<!-- ---
reviewed_on: "2024-10-11"
--- -->

# First control

## Import necessary packages

In [2]:
import matplotlib.pyplot as plt
import numpy as np
import torch

## Loading the dataset

Our dataset is the [CIFAR-10](https://www.cs.toronto.edu/~kriz/cifar.html) dataset consists of $60000$ $32 \times 32$ color images in $10$ classes, with $6000$ images per class.
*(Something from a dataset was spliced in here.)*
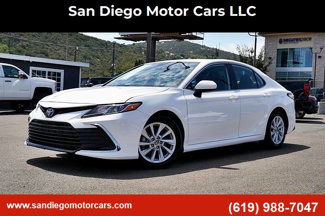 Used 2022 Toyota Camry LE image 1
The classes are:

- airplane.

- automobile.

- bird.

- cat.

- deer.

- dog.

- frog.

- horse.

- ship.

- truck.

In [None]:
from torchvision import datasets, transforms


# Define a transform to normalize the data
transform = transforms.Compose([transforms.ToTensor(),
								transforms.Normalize((0.5, 0.5, 0.5), (0.5, 0.5, 0.5)),
								])

# Download and load the training data
trainset = datasets.CIFAR10("~/.pytorch/CIFAR-10/", download=True, train=True, transform=transform)
trainloader = torch.utils.data.DataLoader(trainset, batch_size=64, shuffle=True)

In [4]:
classes = [
			"airplane",
			"automobile",
			"bird",
			"cat",
			"deer",
			"dog",
			"frog",
			"horse",
			"ship",
			"truck"
		]

To check if the dataset is correct, we will check the number of instances per label.

In [None]:
from collections import Counter


# Extract all labels
labels = [label for _, label in trainset]
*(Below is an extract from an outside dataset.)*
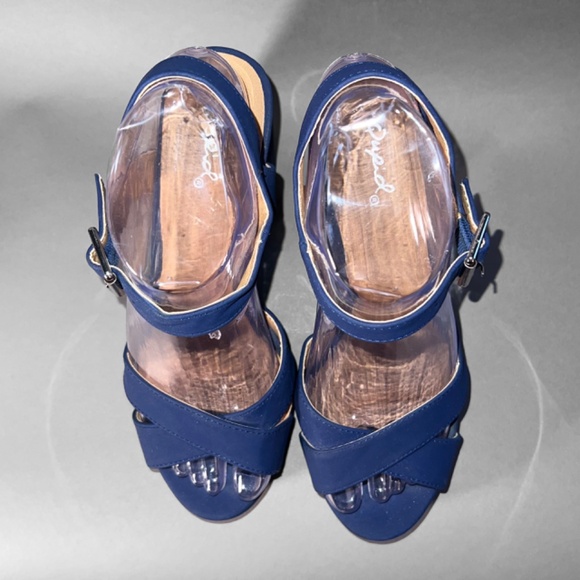 Navy Blue Chunky Platform Sandals - Picture 7 of 10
# Count the number of records per label
label_counts = Counter(labels)

for i, count in label_counts.items():
	print(f"{classes[i]}: {count}")

In [None]:
dataiter = iter(trainloader)
images, labels = next(dataiter)

print(type(images))
print(images.shape)

To display the image we could use `plt.imshow`, but that function expects the image data to have the form `(height, width, channels)`, so to use it we must manipulate the tensor.

In [84]:
img = images[0].permute(1, 2, 0).numpy() # Reorder the array and conver it
										 # into a numpy array

The `plt.imshow` also expects the input range to be in the range of $0$ to $1$, to ensure that we must normalize the image for proper display.

In [85]:
# Normalize the image to the range [0, 1]
img = (img - img.min()) / (img.max() - img.min())

In [None]:
plt.imshow(img)
plt.show()

## Manual implementation of a neural network

In the guide the implemented neural network had $256$ neurons in the hidden layer, so we will create one with the same amount, using the sigmoid activation function.

In [None]:
def activation(x):
	return 1 / (1 + torch.exp(-x))

inputs = images.view(images.shape[0], -1) # (64, 3072), 3072 = 3 * 32 * 32

W_1 = torch.randn(3072, 256)
B_1 = torch.randn(256)

W_2 = torch.randn(256, 10)
B_2 = torch.randn(10)

h = activation(torch.mm(inputs, W_1) + B_1)
output = activation(torch.mm(h, W_2) + B_2)
print(output)

Following the guide, now we will calculate the probability distribution using the softmax function.

In [None]:
def softmax(x):
	return torch.exp(x) / torch.sum(torch.exp(x), dim=1).view(-1, 1)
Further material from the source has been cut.